[RECORDS SHOWN]

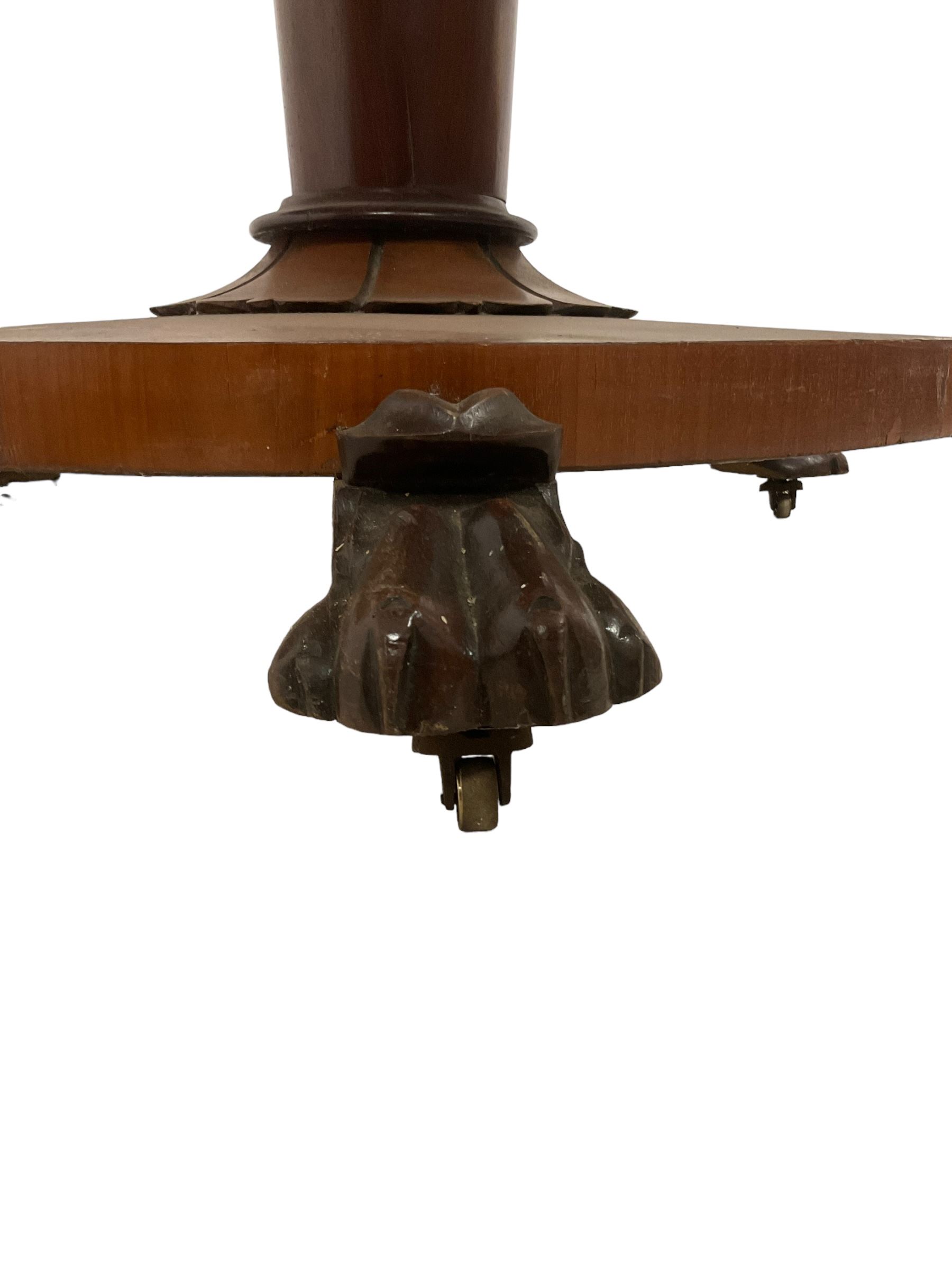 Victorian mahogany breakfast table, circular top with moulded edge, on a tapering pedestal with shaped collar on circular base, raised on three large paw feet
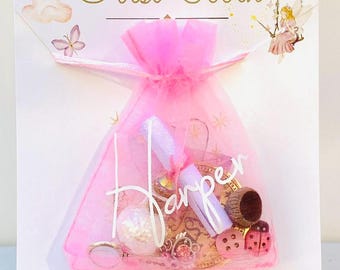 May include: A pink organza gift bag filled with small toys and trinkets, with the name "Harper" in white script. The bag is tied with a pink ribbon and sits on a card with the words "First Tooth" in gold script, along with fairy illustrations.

[/RECORDS SHOWN]
[RECORDS SHOWN]

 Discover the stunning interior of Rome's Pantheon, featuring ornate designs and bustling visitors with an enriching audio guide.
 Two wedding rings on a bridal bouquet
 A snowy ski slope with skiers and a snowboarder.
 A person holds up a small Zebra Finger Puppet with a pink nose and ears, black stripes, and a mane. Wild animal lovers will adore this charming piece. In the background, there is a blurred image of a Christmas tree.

[/RECORDS SHOWN]

PROBLEM STATEMENT: Look above for the line with "Victorian mahogany breakfast", then print it and each line after it down to and including the line with "May include: A". Leave out the pictures and keep the wording exact.

EXPECTED OUTPUT:
 Victorian mahogany breakfast table, circular top with moulded edge, on a tapering pedestal with shaped collar on circular base, raised on three large paw feet
 May include: A pink organza gift bag filled with small toys and trinkets, with the name "Harper" in white script. The bag is tied with a pink ribbon and sits on a card with the words "First Tooth" in gold script, along with fairy illustrations.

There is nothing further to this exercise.